I should have explained the reason for that, which is detailed here:

https://code.google.com/archive/p/language-detection/wikis/FrequentlyAskedQuestion.wiki

> Langdetect uses random sampling for avoiding local noises(person name,
> place name and so on), so the language detections of the same document
> might differ for every time.

In other words, in terms of the HTML checker behavior, each time you check
a document, the language guesser is being run on only a sample of the
document, rather then the entire content of the document. And the sample is
selected randomly each time.
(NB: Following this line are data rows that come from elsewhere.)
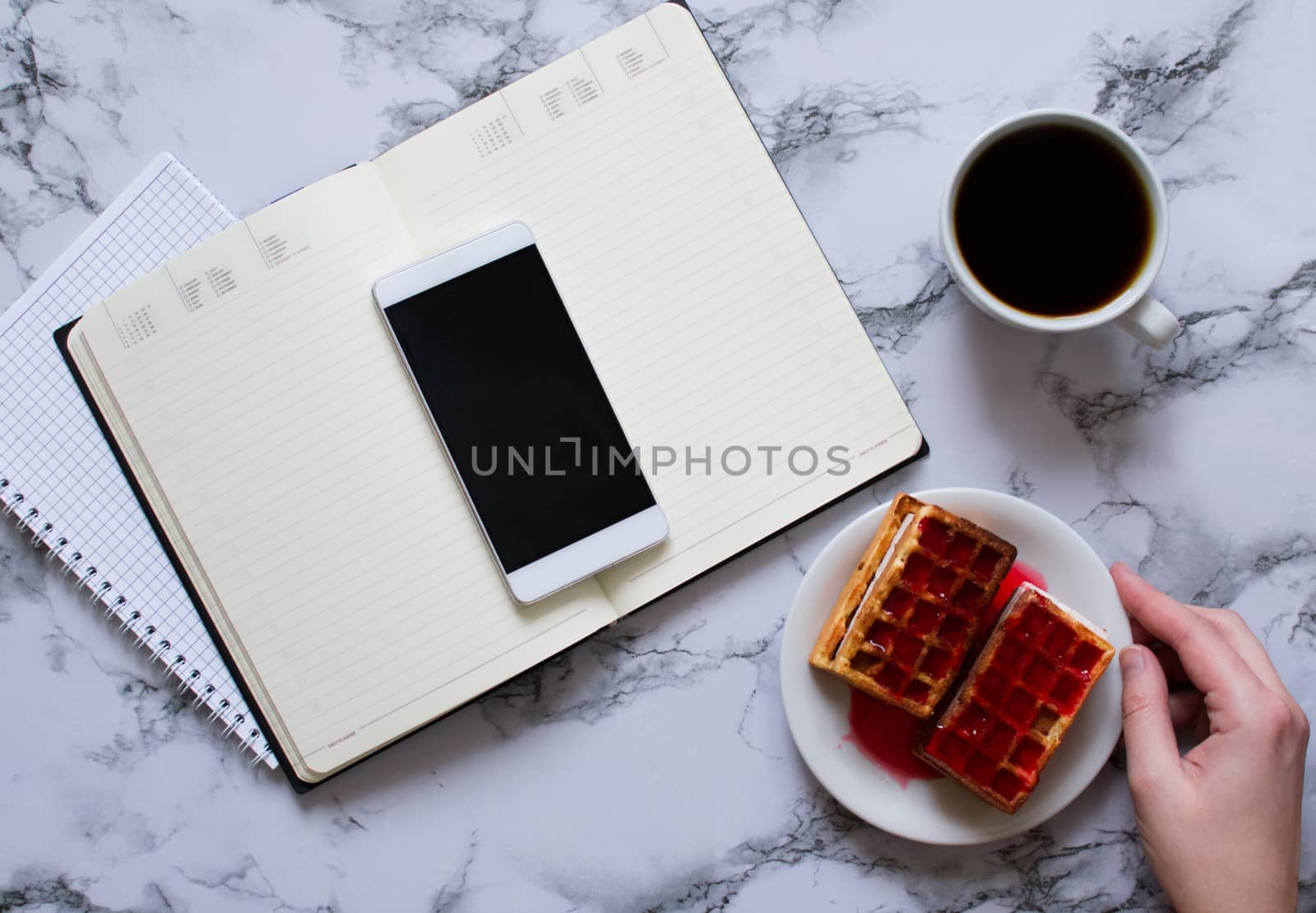 Woman are planning the day, coffee, waffles, marble background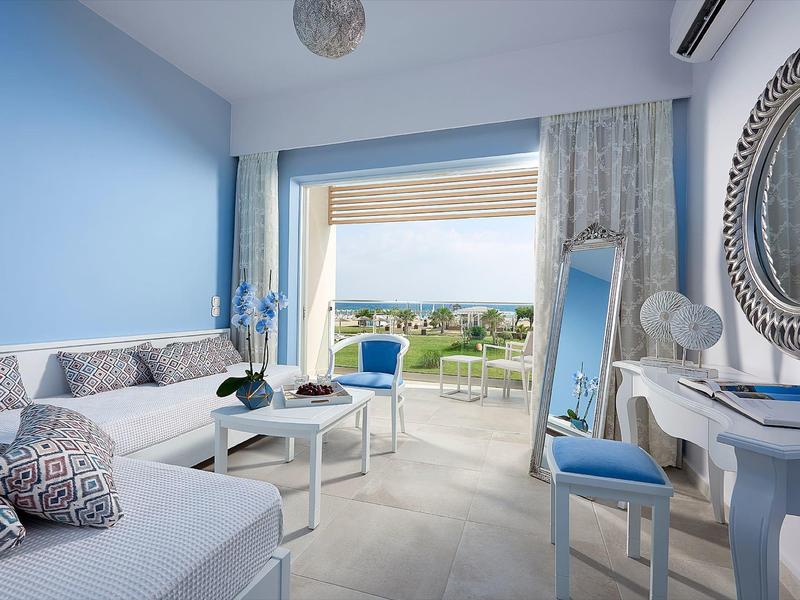 Bright hotel room with blue and white decor and view of a terrace with garden.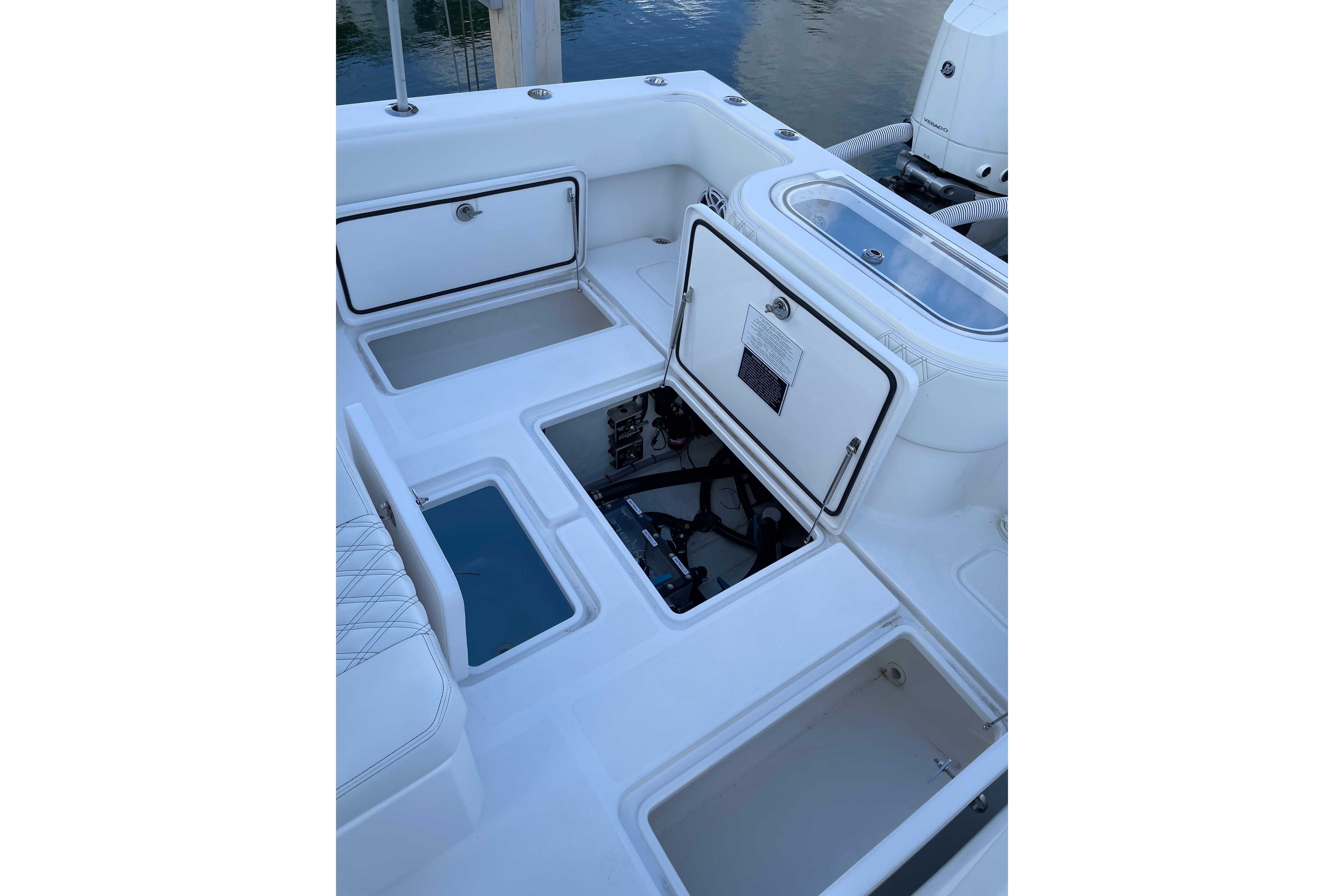 2024 Invincible 36 Open Fisherman boat deck with storage compartments open.
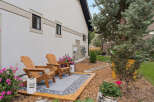 Enjoy outdoor living with this charming patio featuring two Adirondack chairs and a decorative rug, perfect for relaxing evenings.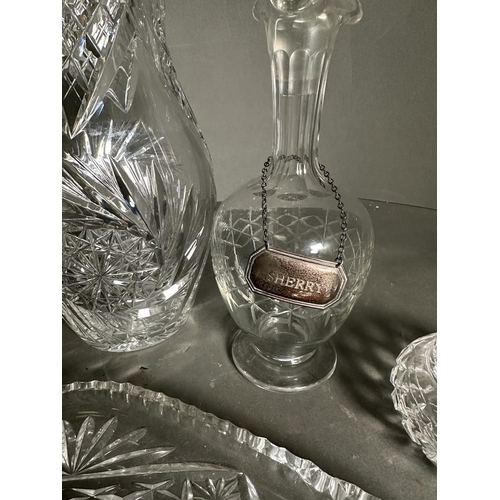 247 - A selection of cut glass items to include two decanters with silver hallmarked tags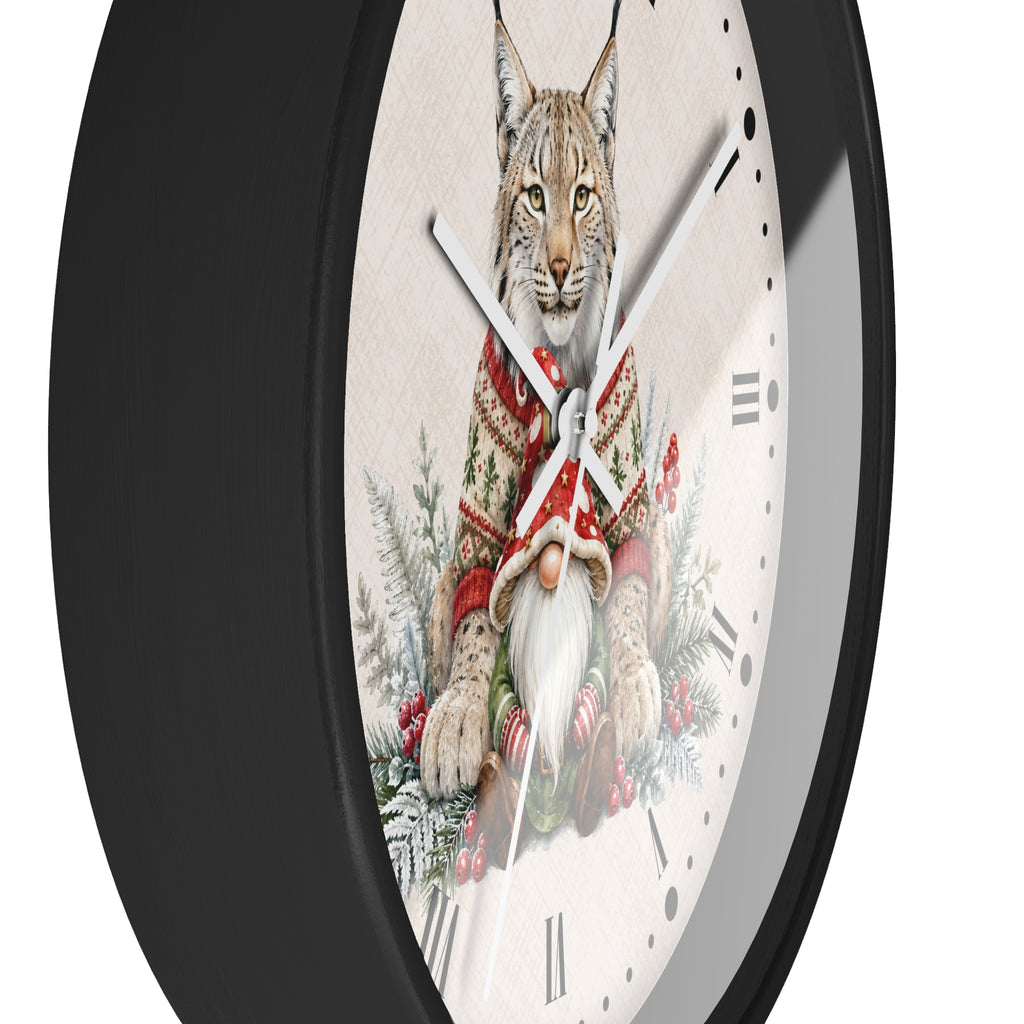 A round wall clock with a black frame and a cream-colored face featuring an illustration of a lynx wearing a red knit sweater and holding a gnome, set against a plain white background.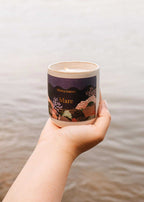 Mare reusable candle in an 8oz glass jar from Mimi & August, with a natural wax finish and a cotton wick.
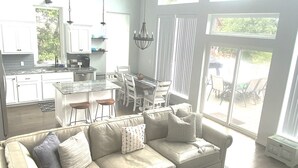 A spacious living area with a large sectional sofa, a dining table, and a kitchen in the background. - Gorgeous lake house with sandy beachfront. Welcome to Lost  World Landing  (Eufaula)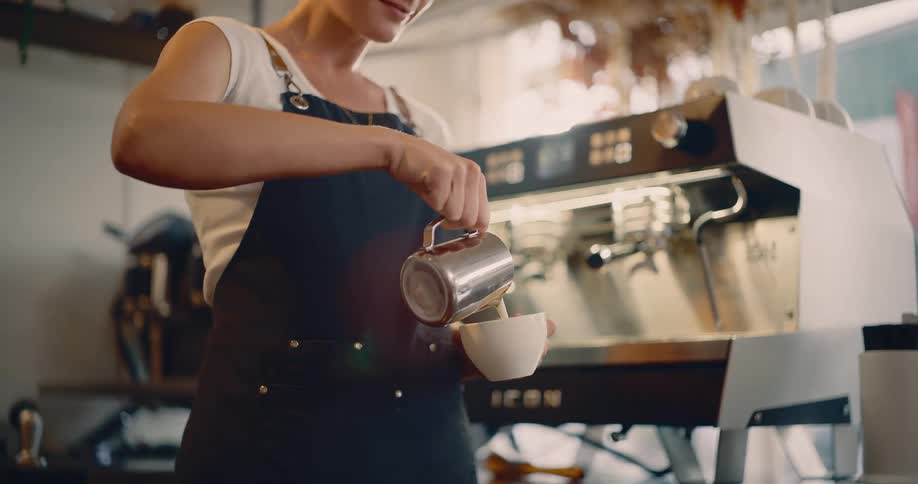 A female barista pours cream into a cup while preparing a caffeinated beverage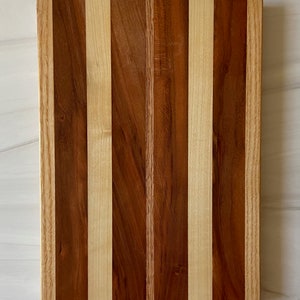 Puede incluir: Una tabla de cortar rectangular de madera con un patr&oacute;n de rayas de madera clara y oscura. La tabla est&aacute; hecha de varios tipos de madera, incluyendo arce y nogal. La tabla est&aacute; etiquetada con la letra "F".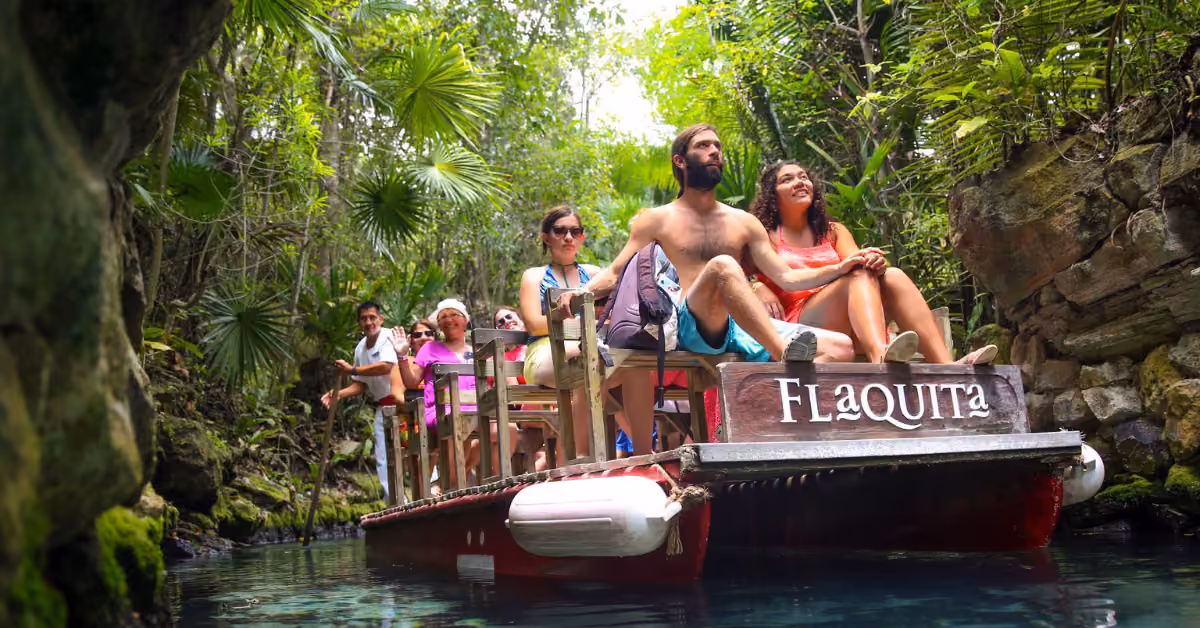 Visitors on a boat ride along the jungle river at Xcaret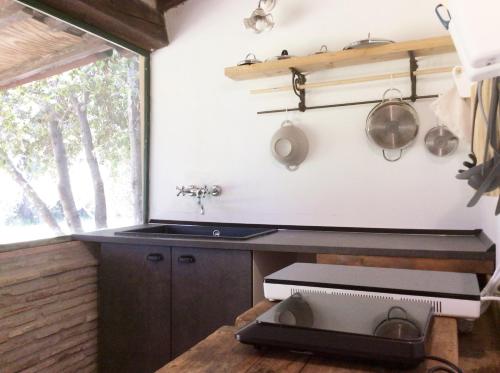 a kitchen with a counter and a sink and a window at Relais Casale Il Poggetto - I PINI by Zoom In Earth in Cecina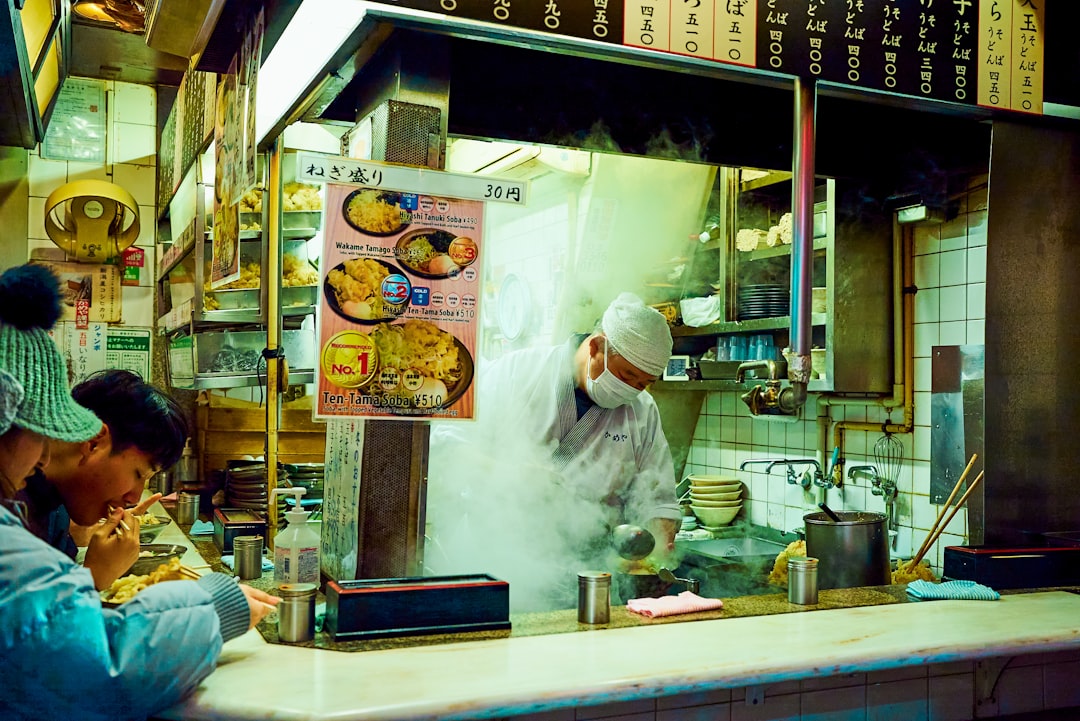 People in a Tokyo soba restaurant, dipping the chilled buckwheat noodles into a ceramic cup of dashi sauce.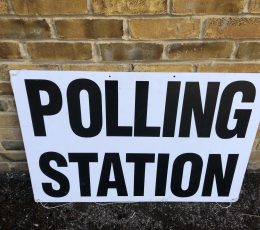 Polling Station - sign written in block caps on white, leaning against a brick wall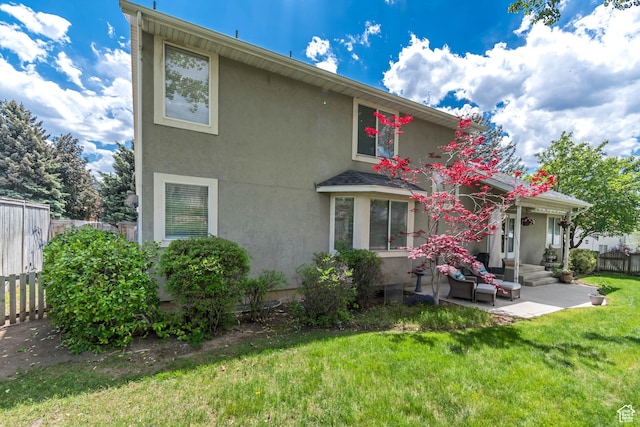 2825 Elk Horn Ln, Cottonwood Heights, UT 84093 - back of house with stucco siding and a patio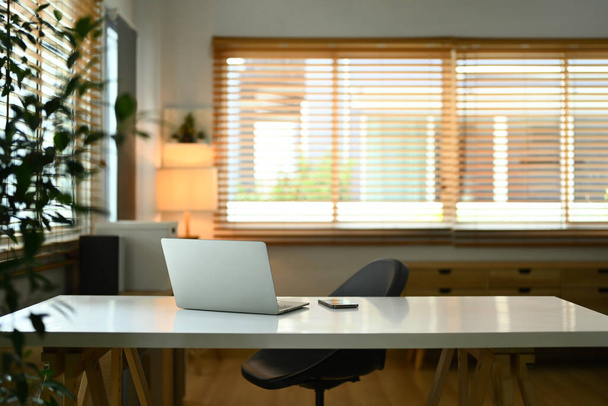 Thuis kantoor interieur met laptop op witte tafel, potplant en warm licht van de lamp. - Foto, afbeelding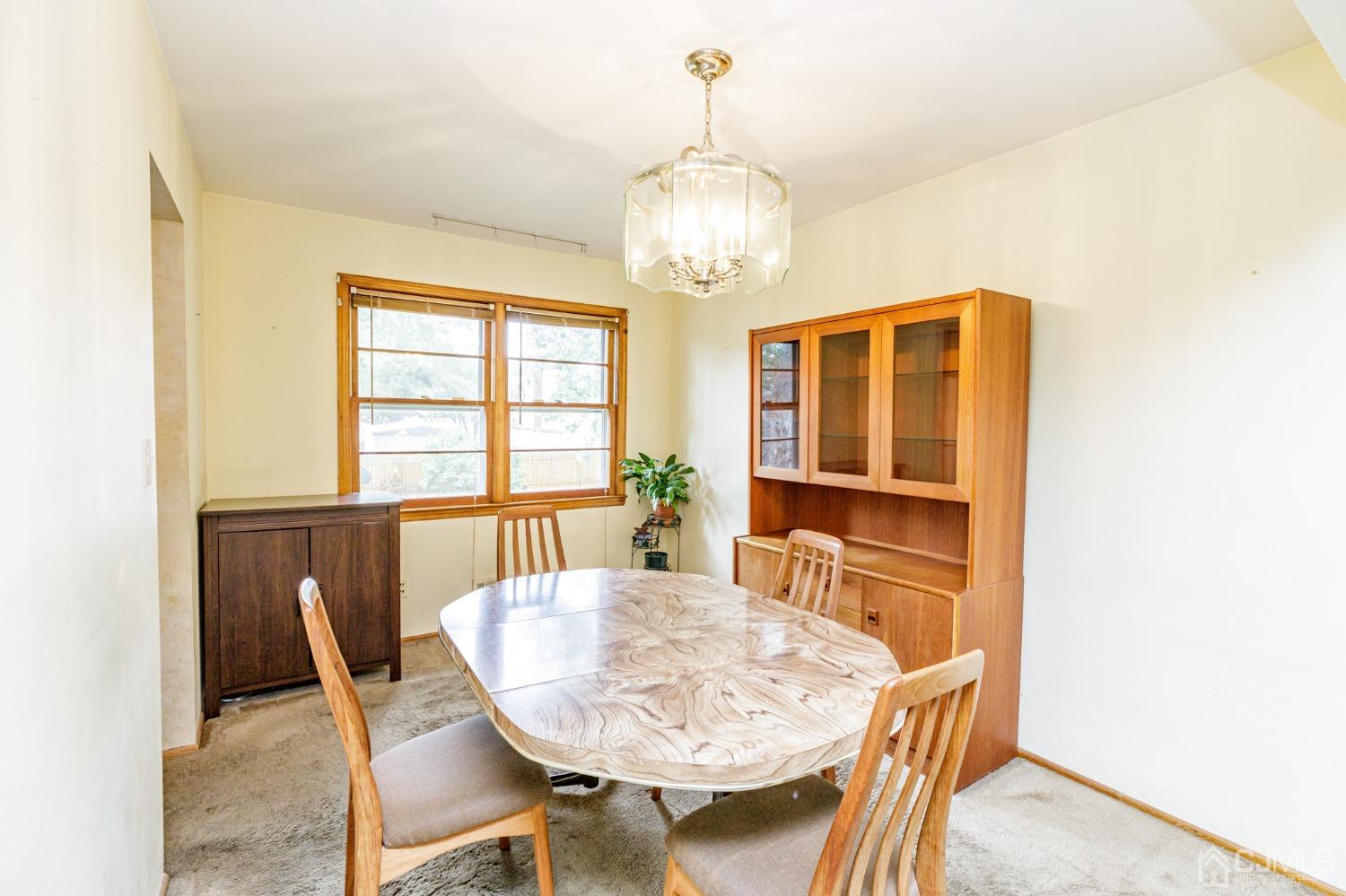 38 Marlin Avenue East Edison, NJ 08820 - Photo 7 of 36 a view of a dining room with furniture and window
So sometimes it gets run on a sample that it
guesses correctly on, but sometimes it might be run on a sample which it
ends up guessing incorrectly.

There is a setting in the library API for making it deterministic — by
ensuring it always samples the same document in exactly the same way each
time, rather than selecting the sample randomly — but I have intentionally
chosen to not use that always-be-deterministic setting (because I think the
the default random-sampling behavior produces better results overall).

  –Mike

-- 
Michael[tm] Smith https://people.w3.org/mike

Received on Saturday, 29 August 2020 23:40:37 UTC